Elderly People and Welfare Recipients Had More Adverse Events and Less Use of Essential Drugs After Prescription Cost-Sharing Was Implemented
January 24, 2001 — Increased cost-sharing for prescription drugs in the Canadian province of Quebec was followed by reductions in the use of essential drugs and a higher rate of serious adverse events and emergency department visits by elderly people and welfare recipients, according to an article in the January 24/31, 2001 issue of The Journal of the American Medical Association.
Robyn Tamblyn, Ph.D., and colleagues at McGill University, Montreal, Quebec, analyzed data on 93,950 elderly people and 55,333 adult welfare recipients before and after introduction of a prescription coinsurance and deductible cost-sharing policy in Quebec in 1996. The purpose of the study was to determine the impact of prescription cost-sharing on use of essential and less essential drugs, and rates of emergency department (ED) visits and serious adverse events associated with reductions in drug use before and after policy implementation.
According to background information cited in the study, cost-sharing is intended to deter the use of drug therapies that do little to improve health. But cost-effectiveness rests on the assumption that people will be able to pay for essential drugs and that they will make rational choices about which drugs to use and abandon. Otherwise, the use of essential drugs will be curtailed to control drug expenditures, and short-term savings in the drug budget may be offset by downstream costs to treat potentially preventable illnesses.
In 1996, Quebec attempted to enhance equity of access to prescription drugs by legislating mandatory drug insurance for all residents.

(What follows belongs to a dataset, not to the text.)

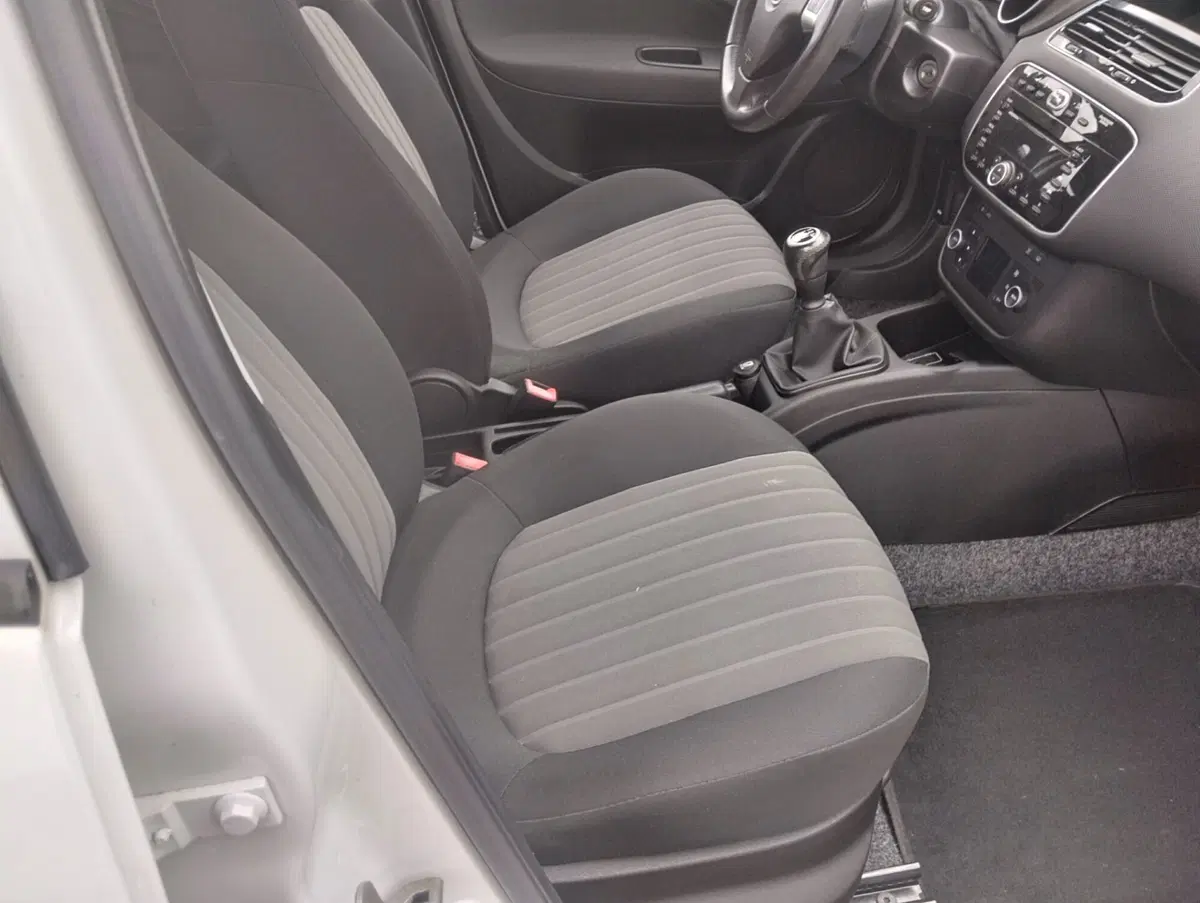 Fiat Punto usata a Asti (19)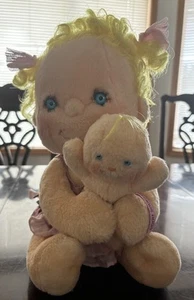 1985 Hallmark Hugga Bunch Precious Hugs & Baby Doll Kenner - Picture 1 of 7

To help pay for this coverage, an annual deductible and a 25 percent coinsurance charge was instituted for previously insured beneficiaries who received free medication: elderly people and welfare recipients. The authors analyzed data from 32 months before and 17 months after introduction of the policy, using databases that keep track of beneficiary demographics, prescription and physician claims, and hospitalizations.
Essential drugs were defined as "medications that prevent deterioration in health or prolong life and would not likely be prescribed in the absence of a definitive diagnosis" and included such drugs as insulin, antihypertensive agents, thyroid medication and anti-seizure drugs.

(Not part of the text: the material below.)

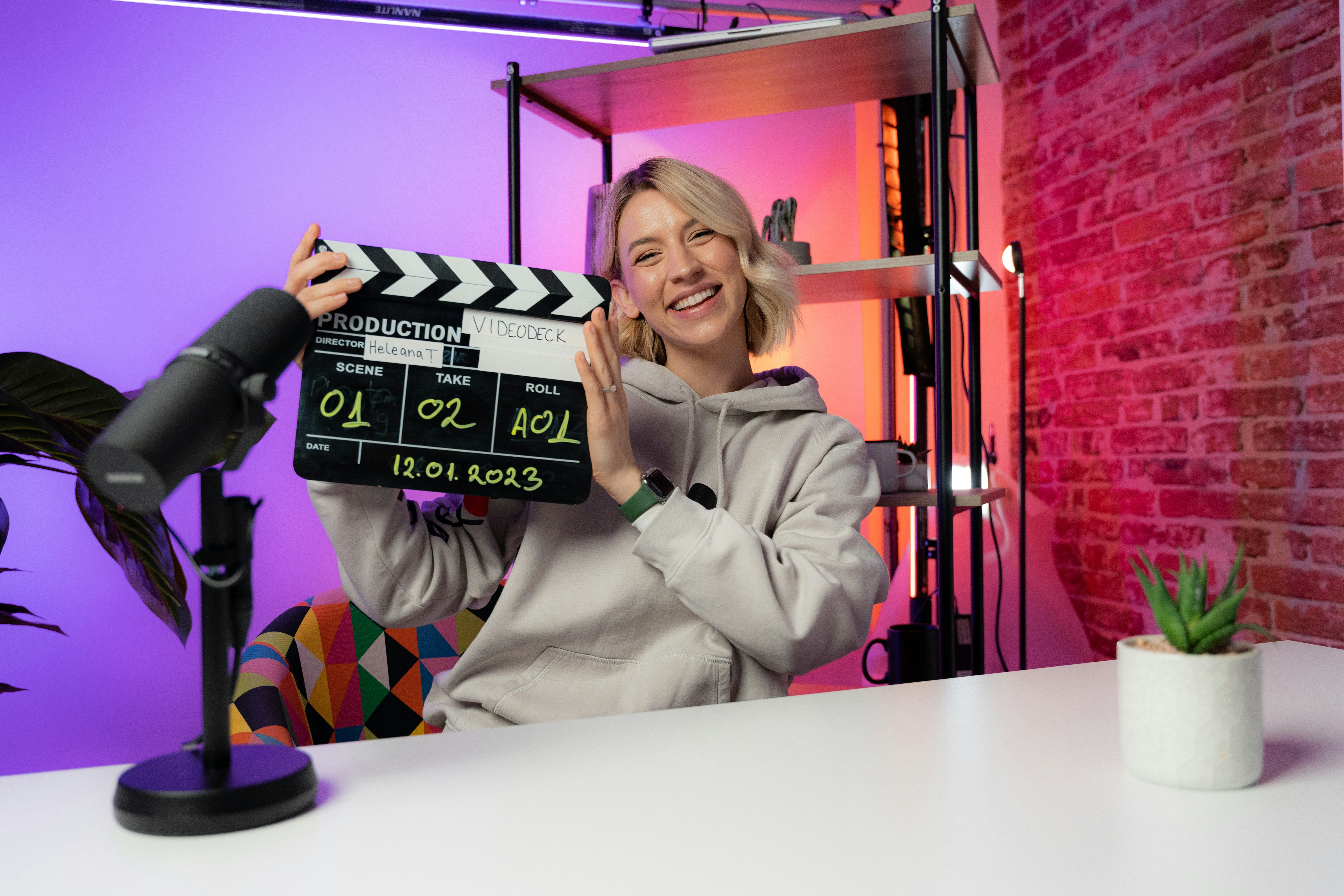 photo-1673767297220-6341467cb687?ixid=M3wxMjA3fDB8MXxzZWFyY2h8MTg4fHxiMmIlMjBtYXJrZXRpbmd8ZW58MHx8fHwxNzUzNzM2NDE2fDA%5Cu0026ixlib=rb-4.1.0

"After cost-sharing was introduced, use of essential drugs decreased by 9.12 percent in elderly persons and by 14.42 percent in welfare recipients; use of less essential drugs decreased by 15.14 percent and 22.39 percent respectively," they report.
As expected, there was a significantly higher rate of adverse events and emergency department visits among individuals who reduced their use of essential drugs, compared to those who did not. "The rate (per 10,000 person-months) of serious adverse events associated with reductions in use of essential drugs increased from 5.8 in the prepolicy control cohort to 12.6 in the postpolicy cohort in elderly persons (a net increase of 6.8) and from 14.7 to 27.6 in welfare recipients (a net increase of 12.9)," the authors write.

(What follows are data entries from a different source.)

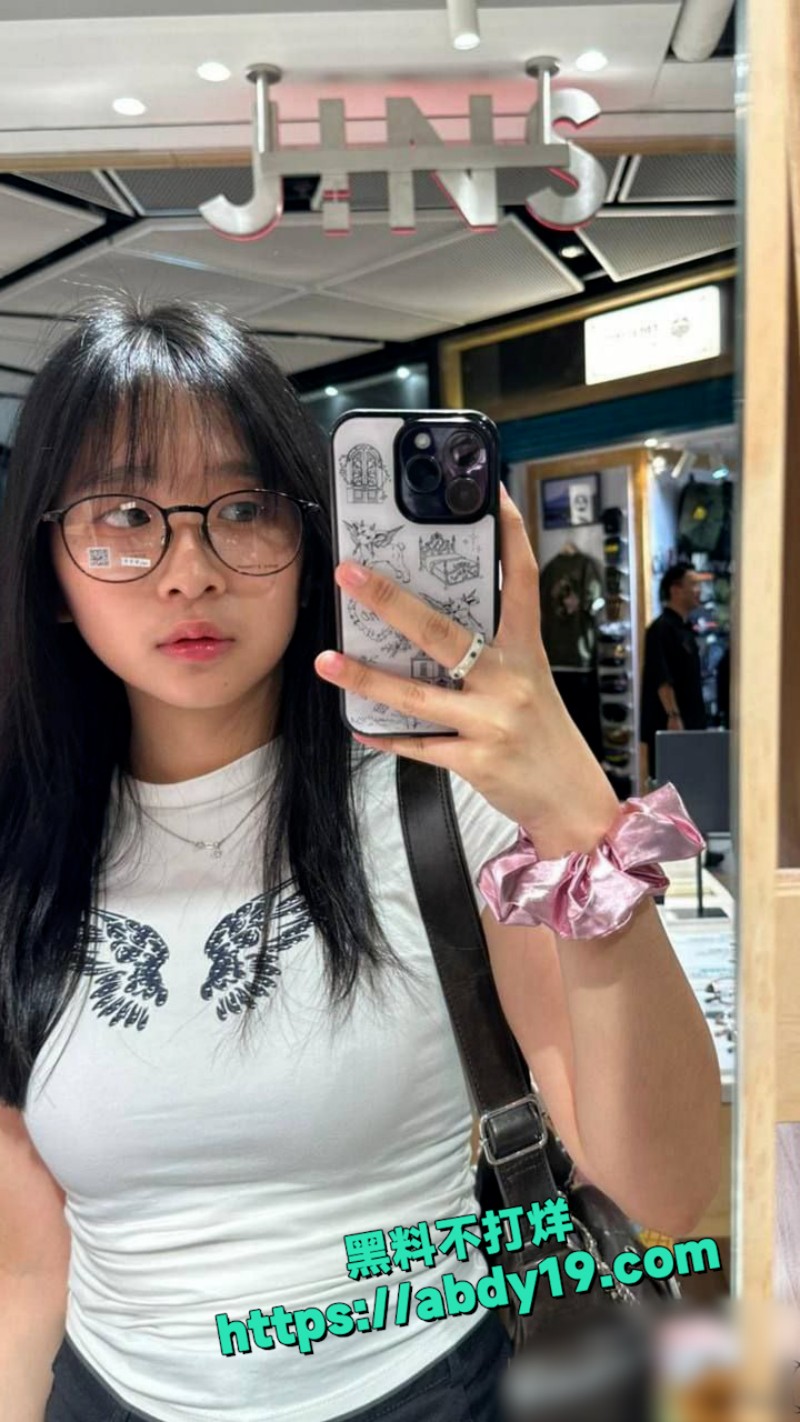 香港学生妹朱双双不雅视频流出 10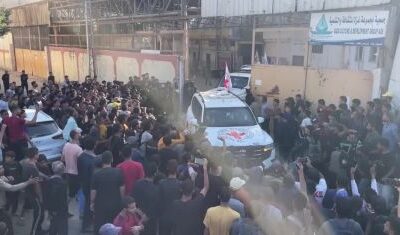 Primeiros reféns do Hamas chegam a base militar israelense após libertação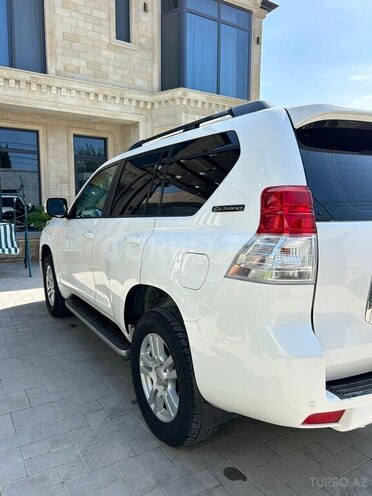 Toyota Land Cruiser Prado-5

"Emergency department visit rates related to reductions in the use of essential drugs also increased by 14.2 per 10,000 person-months in elderly persons (prepolicy control cohort, 32.9; postpolicy cohort, 47.1) and by 54.2 among welfare recipients (prepolicy control cohort, 69.6; postpolicy cohort, 123.8)," they continue. "These increases were primarily due to an increase in the proportion of recipients who reduced their use of essential drugs."
Reductions in the use of less essential drugs were not associated with an increase in risk of adverse events or emergency department visits.
The authors suggest consumers may not have the information they need to make wise decisions about necessary treatment. "We estimate that for elderly persons alone, the drug policy reform in Quebec may result in 7,000 additional adverse events per million annually," they write.
"In light of the substantial impact that drug policy can have on the population's health, there is a need to redress the relative scarcity of scientific data on the outcomes of policy interventions. Our results suggest that more stringent cost-sharing pharmaceutical cost containment policies in other parts of Canada and the United States may contribute to avoidable illnesses," they conclude.